Una última preocupación es que, en un mundo de una complejidad sin precedentes, y por tanto plagado de incertidumbres, el cálculo racional que propone la teoría económica llega a su límite. En este contexto, triunfan la emoción, la narrativa, la comunicación política y las ideas simplistas, aunque sean falsas y peligrosas. Qué desventaja para el progreso de la integración europea, que en cambio exige pragmatismo y habilidad en la búsqueda de nuevos pactos, cimientos de un régimen socioeconómico original…
De hecho, este episodio ilustra y refuerza la gran contradicción que desgarra a las sociedades desde la década de 2000: se han vuelto extremadamente dependientes económica y financieramente en un mundo interconectado, pero una fracción creciente de la población aspira a recuperar todos los atributos de la soberanía nacional. La incapacidad de superar esta contradicción conduce a una dislocación de las relaciones internacionales y, en consecuencia, a la crisis de la mayoría de los regímenes socioeconómicos.

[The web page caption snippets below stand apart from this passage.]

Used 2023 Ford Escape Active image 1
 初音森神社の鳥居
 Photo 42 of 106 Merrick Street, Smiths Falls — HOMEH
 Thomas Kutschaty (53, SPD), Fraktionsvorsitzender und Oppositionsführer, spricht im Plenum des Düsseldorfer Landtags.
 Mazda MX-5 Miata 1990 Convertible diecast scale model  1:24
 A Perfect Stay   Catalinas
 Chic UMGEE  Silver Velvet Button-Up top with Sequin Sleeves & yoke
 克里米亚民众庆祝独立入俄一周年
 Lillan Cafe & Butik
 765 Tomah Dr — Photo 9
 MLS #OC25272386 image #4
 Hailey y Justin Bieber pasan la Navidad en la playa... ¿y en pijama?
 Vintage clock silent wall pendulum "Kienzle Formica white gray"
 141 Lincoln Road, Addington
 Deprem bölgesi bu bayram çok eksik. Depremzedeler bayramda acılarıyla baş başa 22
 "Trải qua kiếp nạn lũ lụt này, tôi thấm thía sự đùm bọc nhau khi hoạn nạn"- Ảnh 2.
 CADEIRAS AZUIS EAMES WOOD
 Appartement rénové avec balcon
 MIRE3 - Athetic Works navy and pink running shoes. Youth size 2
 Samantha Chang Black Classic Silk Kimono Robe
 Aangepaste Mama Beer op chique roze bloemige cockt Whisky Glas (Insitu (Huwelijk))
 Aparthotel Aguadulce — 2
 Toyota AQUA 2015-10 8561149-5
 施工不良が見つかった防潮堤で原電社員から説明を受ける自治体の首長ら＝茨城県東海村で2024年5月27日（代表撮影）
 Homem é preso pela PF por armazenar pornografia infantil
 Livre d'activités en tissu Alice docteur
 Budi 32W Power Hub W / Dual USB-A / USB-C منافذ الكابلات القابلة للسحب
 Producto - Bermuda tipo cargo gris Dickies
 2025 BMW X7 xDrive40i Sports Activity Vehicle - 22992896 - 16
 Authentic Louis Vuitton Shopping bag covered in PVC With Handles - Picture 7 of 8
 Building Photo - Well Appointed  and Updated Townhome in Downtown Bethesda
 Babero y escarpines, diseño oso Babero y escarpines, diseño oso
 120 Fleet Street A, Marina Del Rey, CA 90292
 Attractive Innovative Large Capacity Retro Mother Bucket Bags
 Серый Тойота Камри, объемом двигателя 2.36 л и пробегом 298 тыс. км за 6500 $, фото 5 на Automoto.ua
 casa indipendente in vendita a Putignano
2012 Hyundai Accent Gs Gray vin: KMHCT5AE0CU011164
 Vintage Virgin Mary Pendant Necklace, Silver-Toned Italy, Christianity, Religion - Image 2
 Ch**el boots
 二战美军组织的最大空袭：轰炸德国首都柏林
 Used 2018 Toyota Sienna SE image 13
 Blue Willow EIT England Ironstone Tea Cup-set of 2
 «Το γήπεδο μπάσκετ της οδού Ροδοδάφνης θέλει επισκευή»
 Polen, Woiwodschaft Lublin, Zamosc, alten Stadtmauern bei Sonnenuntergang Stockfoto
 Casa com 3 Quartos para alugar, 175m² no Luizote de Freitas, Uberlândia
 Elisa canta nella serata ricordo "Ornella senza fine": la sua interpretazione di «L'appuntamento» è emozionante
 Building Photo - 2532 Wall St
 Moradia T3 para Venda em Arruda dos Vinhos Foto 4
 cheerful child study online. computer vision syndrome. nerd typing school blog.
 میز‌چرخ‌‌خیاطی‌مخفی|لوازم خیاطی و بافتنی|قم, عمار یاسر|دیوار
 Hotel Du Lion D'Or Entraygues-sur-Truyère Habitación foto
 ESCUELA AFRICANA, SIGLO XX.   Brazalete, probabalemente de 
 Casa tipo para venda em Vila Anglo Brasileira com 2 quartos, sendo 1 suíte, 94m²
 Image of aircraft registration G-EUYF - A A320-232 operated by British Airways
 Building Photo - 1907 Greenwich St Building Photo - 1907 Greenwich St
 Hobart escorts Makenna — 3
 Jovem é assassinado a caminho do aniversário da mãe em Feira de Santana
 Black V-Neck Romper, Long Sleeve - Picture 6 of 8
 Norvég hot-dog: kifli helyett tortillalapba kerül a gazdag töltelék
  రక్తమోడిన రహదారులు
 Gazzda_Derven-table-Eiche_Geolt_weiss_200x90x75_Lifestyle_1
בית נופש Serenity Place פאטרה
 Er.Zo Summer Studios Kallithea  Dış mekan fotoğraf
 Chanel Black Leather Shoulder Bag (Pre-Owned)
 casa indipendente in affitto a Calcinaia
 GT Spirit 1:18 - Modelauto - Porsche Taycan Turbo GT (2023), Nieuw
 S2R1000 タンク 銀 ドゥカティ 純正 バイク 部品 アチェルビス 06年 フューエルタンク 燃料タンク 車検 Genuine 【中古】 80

Este mal también afecta a la Unión Europea, porque la persistente oposición entre distintas especializaciones, intereses económicos e ideologías conduce a una crisis en el sentido original del término, a saber, un momento crítico en el que está en juego la muerte o la mutación del euro y del mercado único. Más allá de la difícil reanimación de las economías nacionales, la cuestión no es sólo técnica: ¿cuáles son las coaliciones políticas y los compromisos institucionalizados que pueden surgir para superar las múltiples incertidumbres que persisten? De ello dependerá en gran medida el proyecto europeo posterior a la crisis.